(Excerpted records begins)

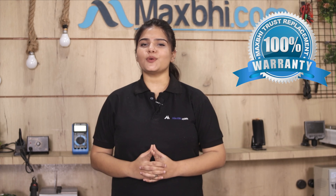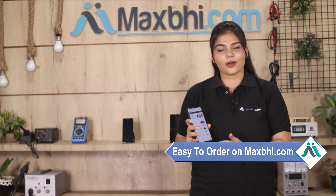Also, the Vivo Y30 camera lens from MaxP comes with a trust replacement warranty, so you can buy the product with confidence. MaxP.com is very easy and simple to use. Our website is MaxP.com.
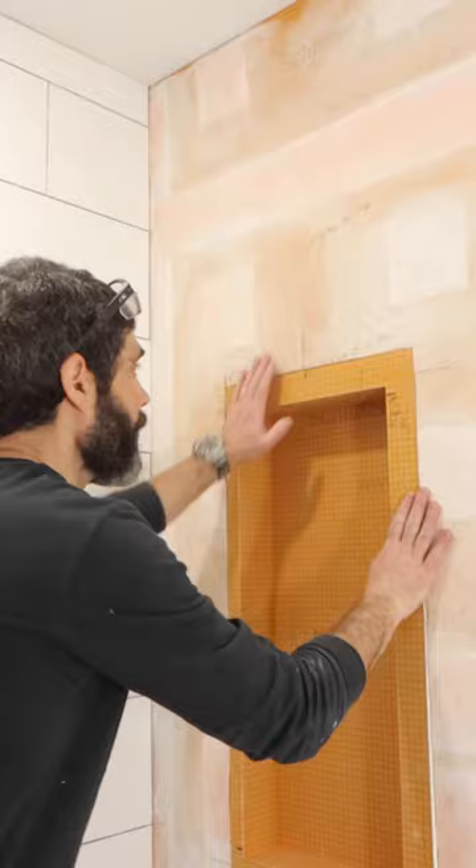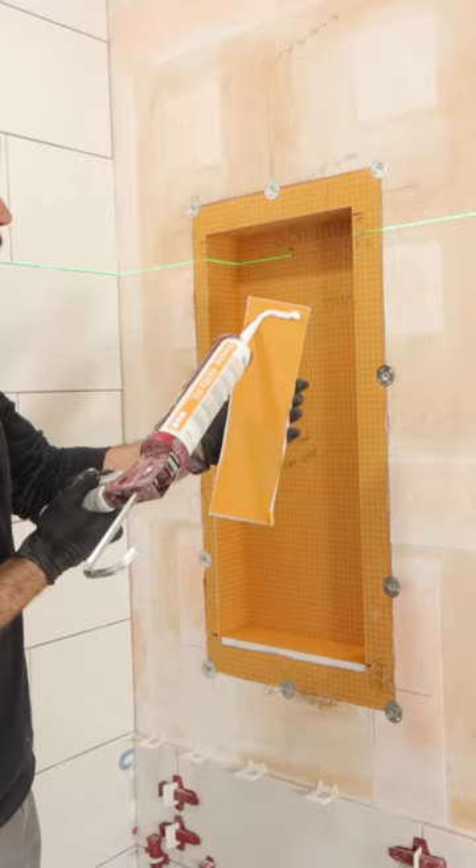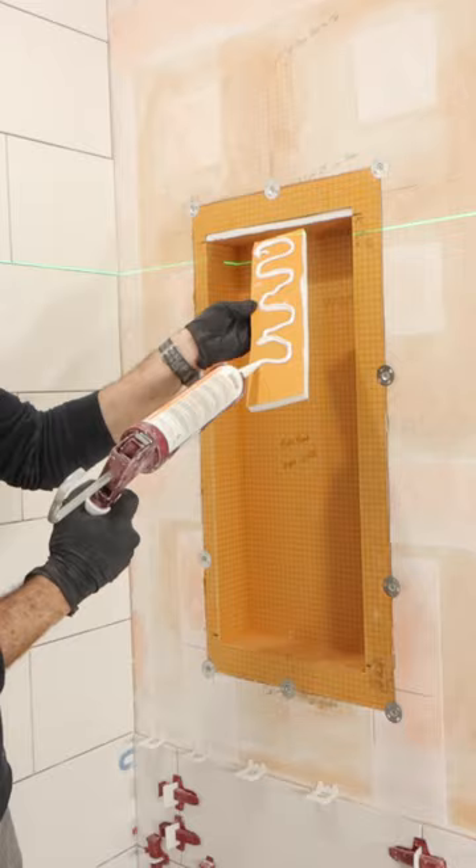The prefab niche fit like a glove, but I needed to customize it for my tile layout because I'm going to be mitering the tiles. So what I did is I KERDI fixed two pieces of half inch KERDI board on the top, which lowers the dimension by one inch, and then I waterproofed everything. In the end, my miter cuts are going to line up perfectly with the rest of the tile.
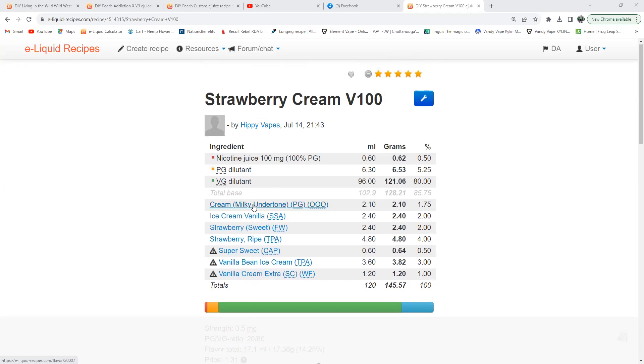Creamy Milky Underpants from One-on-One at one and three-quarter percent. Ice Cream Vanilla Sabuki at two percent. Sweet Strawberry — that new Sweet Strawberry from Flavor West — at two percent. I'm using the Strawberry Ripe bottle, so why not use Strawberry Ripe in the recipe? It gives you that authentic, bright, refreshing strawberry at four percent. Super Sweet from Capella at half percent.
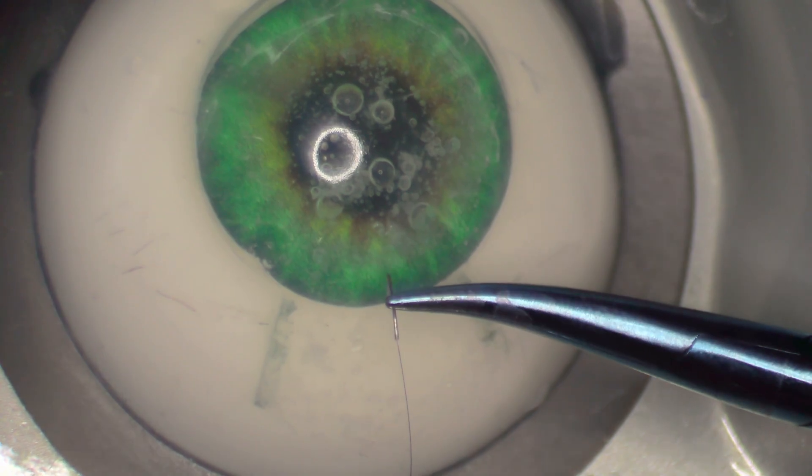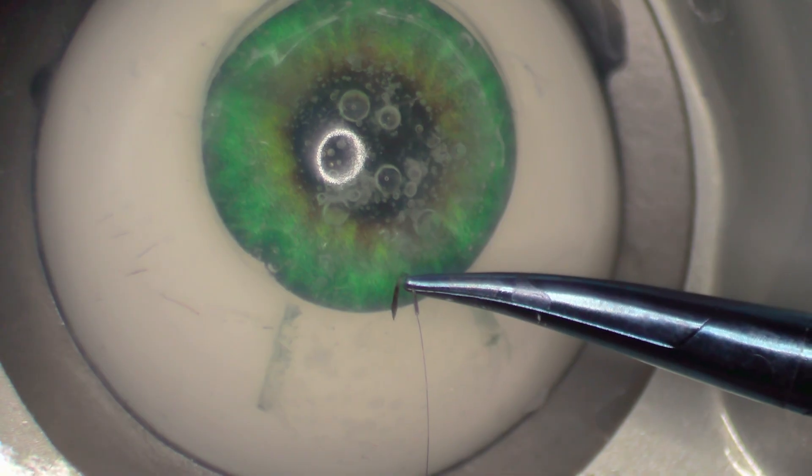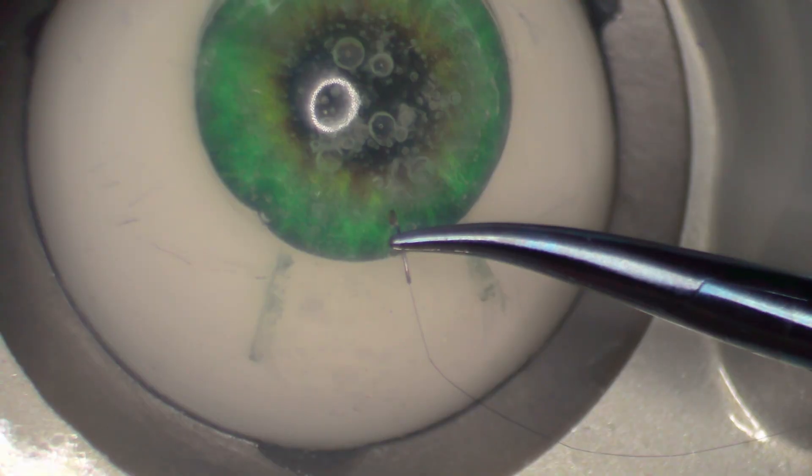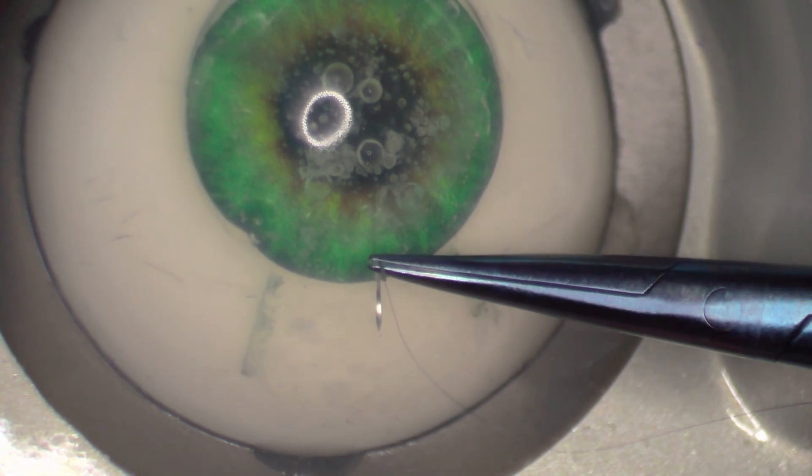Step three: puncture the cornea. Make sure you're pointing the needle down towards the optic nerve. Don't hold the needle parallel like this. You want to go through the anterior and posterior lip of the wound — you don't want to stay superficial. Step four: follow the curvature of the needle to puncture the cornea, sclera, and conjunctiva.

(Excerpted records ends)
(Excerpted records begins)

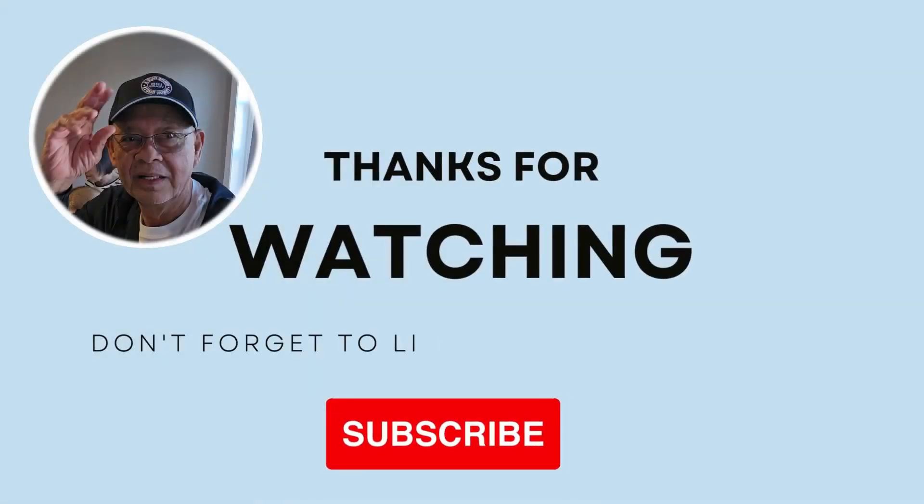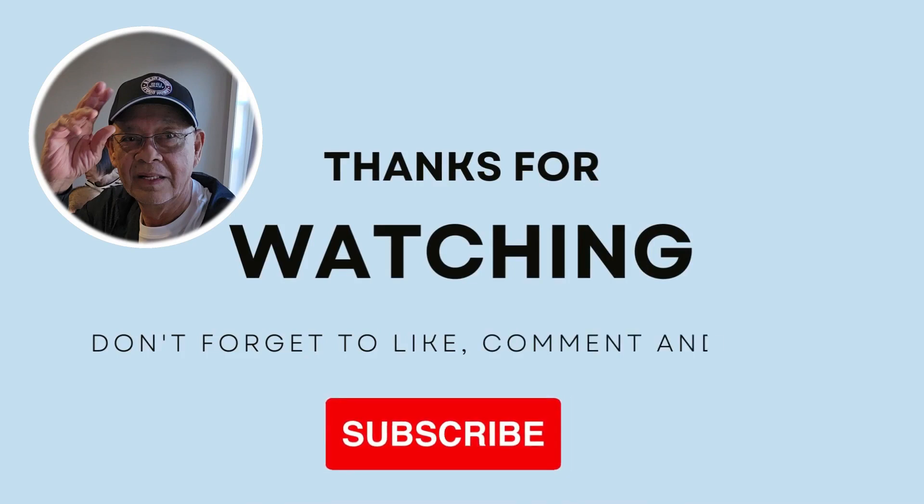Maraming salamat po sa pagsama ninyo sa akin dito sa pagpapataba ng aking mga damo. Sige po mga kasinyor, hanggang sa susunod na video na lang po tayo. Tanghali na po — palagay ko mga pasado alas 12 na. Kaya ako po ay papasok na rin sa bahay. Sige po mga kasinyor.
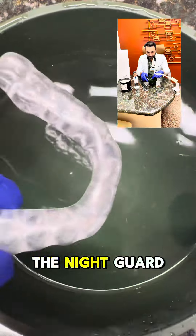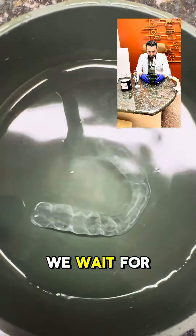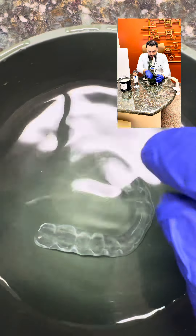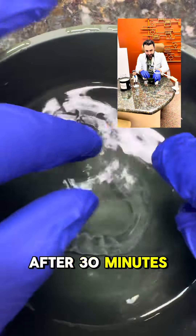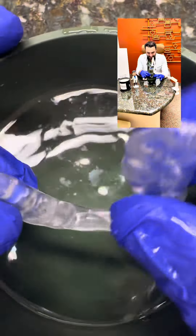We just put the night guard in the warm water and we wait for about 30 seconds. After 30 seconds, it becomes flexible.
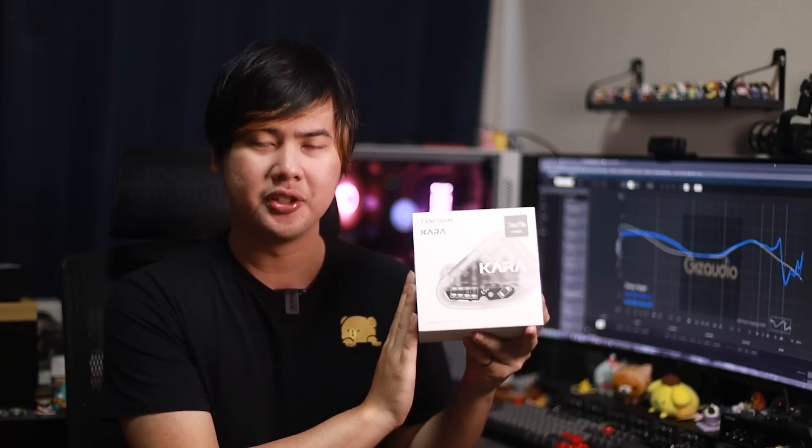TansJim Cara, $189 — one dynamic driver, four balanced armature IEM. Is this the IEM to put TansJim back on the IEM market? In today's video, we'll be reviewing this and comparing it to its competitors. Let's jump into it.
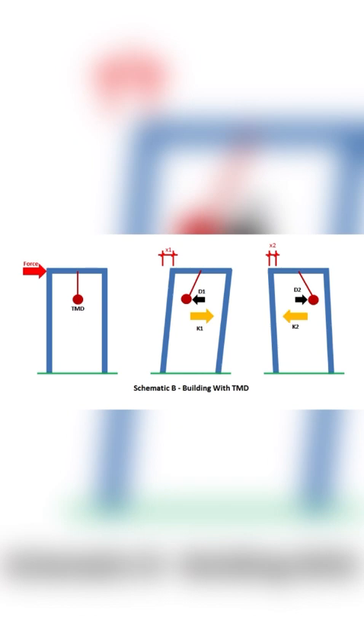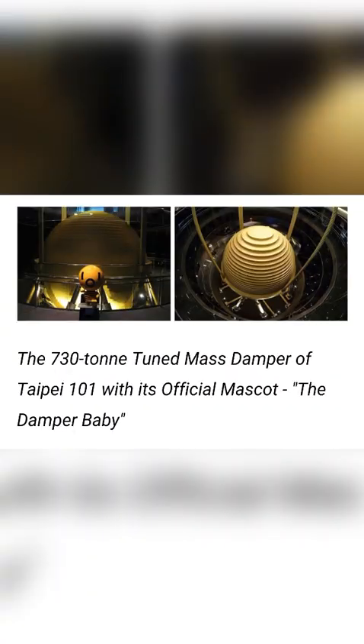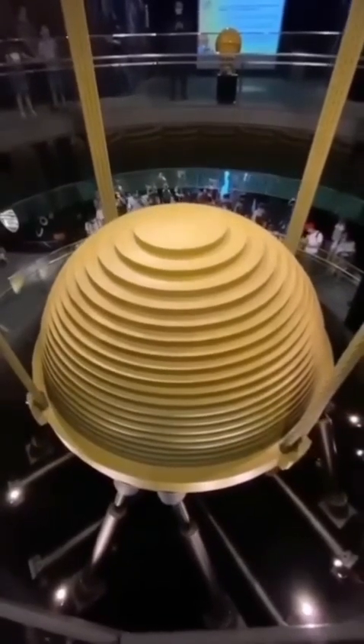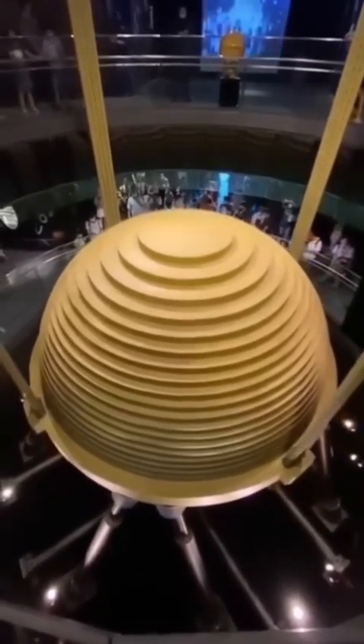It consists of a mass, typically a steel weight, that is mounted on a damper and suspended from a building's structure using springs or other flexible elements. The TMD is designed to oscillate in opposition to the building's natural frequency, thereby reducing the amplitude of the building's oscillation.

(Excerpted records ends)
(Excerpted records begins)

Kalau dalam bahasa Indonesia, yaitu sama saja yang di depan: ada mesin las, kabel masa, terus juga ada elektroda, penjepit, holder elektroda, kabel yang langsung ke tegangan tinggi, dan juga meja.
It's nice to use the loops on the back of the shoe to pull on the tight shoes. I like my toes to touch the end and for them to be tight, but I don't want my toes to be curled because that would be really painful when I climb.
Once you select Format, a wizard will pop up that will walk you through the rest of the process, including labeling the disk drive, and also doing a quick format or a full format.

(Excerpted records ends)

### Problem to work on:
From the records above, quote word for word only the lines beginning at the line that has "TansJim Cara, $189" and stopping after the line that has "It consists of". Omit the pictures.

### Solution to this task:
TansJim Cara, $189 — one dynamic driver, four balanced armature IEM. Is this the IEM to put TansJim back on the IEM market? In today's video, we'll be reviewing this and comparing it to its competitors. Let's jump into it.
It consists of a mass, typically a steel weight, that is mounted on a damper and suspended from a building's structure using springs or other flexible elements. The TMD is designed to oscillate in opposition to the building's natural frequency, thereby reducing the amplitude of the building's oscillation.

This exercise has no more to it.